In 1940 the Okinsky Region was designated as an aimag and officially recognized all residents of the Okinsky region as Buryat. Soyots lost their official identity as an ethnic group until 2000.

Reindeer herding
Bernhard Eduardovich Petri, (1884-1937) Professor of ethnology at Irkutsk University, member of the British Anthropological Society, the USSR State Academy of the History of Material Culture, and full member of the American Anthropological Association undertook research with the indigenous peoples of Siberia.  In 1926 Petri led the first anthropological expedition into the Soyot reindeer-herding region. Petri described a difficult period in Russian history claiming that Soyot reindeer herding was a "dying branch of the economy." "After the civil war, Petri was involved in "planning changes in the economic lives of minority peoples of the greater Altai-Sayan and Buryatia regions, including the nomadic reindeer-breeding Tungus (Evenki) and the Soyot and Tofalar." He was wrongfully accused of "espionage for the British and German intelligence services, and of anti-Soviet activity, specifically establishing contacts with nationalistic representatives of the Buryat people, so-called Pan-Mongols" and executed in Irkutsk in 1937. Pavlinskaya argued that "later research and data collected from Soyot elders show that the herding tradition easily overcame the period's difficulties and endured until the middle of the 20th century, when the government interfered."

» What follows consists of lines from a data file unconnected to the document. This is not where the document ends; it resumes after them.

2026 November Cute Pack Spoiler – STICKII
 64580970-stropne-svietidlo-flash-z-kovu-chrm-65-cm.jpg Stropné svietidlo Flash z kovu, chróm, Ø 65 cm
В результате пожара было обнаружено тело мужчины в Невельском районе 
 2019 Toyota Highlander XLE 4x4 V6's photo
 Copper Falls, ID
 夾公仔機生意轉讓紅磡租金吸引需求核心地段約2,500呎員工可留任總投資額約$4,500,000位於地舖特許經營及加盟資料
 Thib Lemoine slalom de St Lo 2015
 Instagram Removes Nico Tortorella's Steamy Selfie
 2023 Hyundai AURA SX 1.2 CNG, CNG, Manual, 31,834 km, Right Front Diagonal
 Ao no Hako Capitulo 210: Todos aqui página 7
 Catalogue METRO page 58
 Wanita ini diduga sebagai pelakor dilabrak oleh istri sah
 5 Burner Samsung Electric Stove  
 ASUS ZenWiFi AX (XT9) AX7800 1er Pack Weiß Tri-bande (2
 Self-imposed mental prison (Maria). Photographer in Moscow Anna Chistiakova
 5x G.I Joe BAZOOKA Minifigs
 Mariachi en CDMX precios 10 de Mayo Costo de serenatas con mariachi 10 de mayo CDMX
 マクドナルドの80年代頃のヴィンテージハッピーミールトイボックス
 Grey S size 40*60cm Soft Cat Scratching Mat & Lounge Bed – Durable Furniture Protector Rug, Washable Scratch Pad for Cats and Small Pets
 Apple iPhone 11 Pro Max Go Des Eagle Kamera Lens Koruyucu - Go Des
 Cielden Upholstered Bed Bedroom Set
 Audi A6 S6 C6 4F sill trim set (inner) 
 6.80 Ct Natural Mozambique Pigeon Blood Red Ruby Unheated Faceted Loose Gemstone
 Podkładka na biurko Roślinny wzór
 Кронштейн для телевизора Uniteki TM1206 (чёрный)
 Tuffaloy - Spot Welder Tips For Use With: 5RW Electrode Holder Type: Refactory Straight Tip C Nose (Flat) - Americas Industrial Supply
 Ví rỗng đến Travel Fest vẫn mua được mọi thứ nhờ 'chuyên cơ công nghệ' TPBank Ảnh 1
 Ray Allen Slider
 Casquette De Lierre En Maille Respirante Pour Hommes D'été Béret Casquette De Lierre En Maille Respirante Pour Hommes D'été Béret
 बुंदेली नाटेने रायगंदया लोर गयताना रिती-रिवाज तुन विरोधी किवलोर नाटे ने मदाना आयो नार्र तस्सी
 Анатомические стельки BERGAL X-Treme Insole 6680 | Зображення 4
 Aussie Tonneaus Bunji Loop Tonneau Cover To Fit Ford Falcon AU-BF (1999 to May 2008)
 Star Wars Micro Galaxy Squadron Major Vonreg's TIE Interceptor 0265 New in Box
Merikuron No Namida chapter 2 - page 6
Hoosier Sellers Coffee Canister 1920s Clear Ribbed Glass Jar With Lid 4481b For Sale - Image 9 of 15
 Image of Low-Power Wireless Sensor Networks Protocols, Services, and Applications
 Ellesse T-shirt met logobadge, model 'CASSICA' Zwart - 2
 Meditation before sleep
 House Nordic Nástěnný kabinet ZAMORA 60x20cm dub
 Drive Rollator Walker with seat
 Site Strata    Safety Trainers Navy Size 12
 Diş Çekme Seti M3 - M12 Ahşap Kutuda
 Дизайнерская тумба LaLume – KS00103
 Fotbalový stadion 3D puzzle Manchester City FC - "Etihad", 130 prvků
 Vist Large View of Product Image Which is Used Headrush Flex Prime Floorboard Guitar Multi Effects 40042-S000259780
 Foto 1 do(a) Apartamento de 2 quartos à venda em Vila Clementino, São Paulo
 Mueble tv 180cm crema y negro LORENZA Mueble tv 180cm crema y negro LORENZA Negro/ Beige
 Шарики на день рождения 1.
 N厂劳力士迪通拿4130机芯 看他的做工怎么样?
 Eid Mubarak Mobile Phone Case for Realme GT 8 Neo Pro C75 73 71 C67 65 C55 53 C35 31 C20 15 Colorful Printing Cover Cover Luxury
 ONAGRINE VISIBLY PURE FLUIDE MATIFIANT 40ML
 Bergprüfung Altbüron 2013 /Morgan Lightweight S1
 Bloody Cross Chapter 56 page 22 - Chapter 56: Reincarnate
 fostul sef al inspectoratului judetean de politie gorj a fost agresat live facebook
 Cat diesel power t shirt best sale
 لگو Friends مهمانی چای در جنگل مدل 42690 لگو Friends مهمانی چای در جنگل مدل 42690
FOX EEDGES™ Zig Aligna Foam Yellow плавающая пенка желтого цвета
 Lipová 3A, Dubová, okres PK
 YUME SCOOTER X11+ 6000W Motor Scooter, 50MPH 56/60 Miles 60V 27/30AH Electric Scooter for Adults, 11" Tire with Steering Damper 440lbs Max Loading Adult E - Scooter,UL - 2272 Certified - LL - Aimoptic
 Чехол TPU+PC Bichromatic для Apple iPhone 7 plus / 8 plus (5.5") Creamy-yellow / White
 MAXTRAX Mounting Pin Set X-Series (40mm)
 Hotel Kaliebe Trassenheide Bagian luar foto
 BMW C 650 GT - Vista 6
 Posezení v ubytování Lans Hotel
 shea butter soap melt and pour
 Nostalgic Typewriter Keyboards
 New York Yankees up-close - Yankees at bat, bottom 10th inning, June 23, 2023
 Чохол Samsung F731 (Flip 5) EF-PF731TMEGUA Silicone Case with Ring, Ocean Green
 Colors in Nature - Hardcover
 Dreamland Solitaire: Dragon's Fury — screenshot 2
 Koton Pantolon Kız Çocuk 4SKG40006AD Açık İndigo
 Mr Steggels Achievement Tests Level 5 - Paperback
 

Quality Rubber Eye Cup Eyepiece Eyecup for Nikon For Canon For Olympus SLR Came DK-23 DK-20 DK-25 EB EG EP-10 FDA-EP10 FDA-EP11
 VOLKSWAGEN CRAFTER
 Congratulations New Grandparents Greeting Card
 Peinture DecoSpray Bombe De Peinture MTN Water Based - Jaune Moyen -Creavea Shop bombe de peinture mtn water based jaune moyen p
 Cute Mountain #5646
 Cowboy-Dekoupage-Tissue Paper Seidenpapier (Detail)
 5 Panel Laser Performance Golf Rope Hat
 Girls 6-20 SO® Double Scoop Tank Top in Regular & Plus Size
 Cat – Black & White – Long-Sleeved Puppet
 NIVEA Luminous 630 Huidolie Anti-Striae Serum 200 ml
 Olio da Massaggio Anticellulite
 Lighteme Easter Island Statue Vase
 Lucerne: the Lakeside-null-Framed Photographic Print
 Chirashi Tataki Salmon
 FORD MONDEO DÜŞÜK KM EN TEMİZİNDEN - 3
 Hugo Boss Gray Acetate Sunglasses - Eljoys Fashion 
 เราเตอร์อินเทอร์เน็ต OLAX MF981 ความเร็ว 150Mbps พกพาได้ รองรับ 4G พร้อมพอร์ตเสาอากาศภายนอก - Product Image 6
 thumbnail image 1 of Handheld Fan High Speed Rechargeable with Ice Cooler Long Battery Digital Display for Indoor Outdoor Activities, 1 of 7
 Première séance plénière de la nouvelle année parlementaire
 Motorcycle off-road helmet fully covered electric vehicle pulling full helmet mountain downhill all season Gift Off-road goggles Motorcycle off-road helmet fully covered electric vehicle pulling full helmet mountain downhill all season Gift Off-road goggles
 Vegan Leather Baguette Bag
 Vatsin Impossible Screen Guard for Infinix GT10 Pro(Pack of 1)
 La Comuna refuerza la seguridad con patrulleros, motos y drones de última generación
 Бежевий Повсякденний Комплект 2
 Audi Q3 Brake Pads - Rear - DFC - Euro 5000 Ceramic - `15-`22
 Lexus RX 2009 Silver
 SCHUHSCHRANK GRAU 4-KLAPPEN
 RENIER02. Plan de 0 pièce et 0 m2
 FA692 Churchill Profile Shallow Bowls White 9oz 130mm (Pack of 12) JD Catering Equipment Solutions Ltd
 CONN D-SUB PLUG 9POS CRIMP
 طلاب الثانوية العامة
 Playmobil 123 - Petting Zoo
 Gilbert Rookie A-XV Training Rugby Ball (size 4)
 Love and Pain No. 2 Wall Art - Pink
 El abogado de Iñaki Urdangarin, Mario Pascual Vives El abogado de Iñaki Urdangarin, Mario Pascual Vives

Sev'yan I. Vainshtein  (1926–2008), a Russian ethnographer, archaeologist, historian and explorer of Siberian and Central Asian peoples and professor at the Institute of Ethnology and Anthropology of the Russian Academy of Sciences in Moscow, undertook expeditions to study reindeer-herders including the Soyot and published a number of works on the subject. Vainshtein argued that Sayan reindeer herding "is the oldest form of reindeer herding and is associated with the earliest domestication of the reindeer by the Samoyedic taiga population of the Sayan Mountains at the turn of the first millenium [sic] A.D...The Sayan region was apparently the origin of the economic and cultural complex of reindeer hunters-herdsmen that we now see among the various Evenki groups and the peoples of the Sayan area." The Sayan ethnic groups still live almost exclusively in the area of the Eastern Sayan mountains.

In 2000 reindeer peoples of Mongolia and Russia were working on collaborative efforts to rebuild reindeer-herding.

Plumley suggested that the Soyot of Buryatia's Okinsky Region, the Tofalar of Irkutsk Oblast, the Tozhu Tuvans of the Republic of Tuva in Russia, and the Dukha of Mongolia's Hovsgol Province, who are "cultures of reindeer-habitat" in Central Asia may well "have traded, inter-married and related across the breadth and width of the Sayans."

Collectivization in the  Union
During the period of collectivization in the Soviet Union, enforced under Stalin between 1928 and 1940, the Soyot and other Siberian inhabitants were forced into a settled way of life with socialistic enterprises replacing reindeer husbandry. The Soyots were moved to Sorok, Khurga, Bokson and Orlik, the administrative center of Okinsky District. Many were moved to cattle-breeding farms and they switched to Buryat-style husbandry.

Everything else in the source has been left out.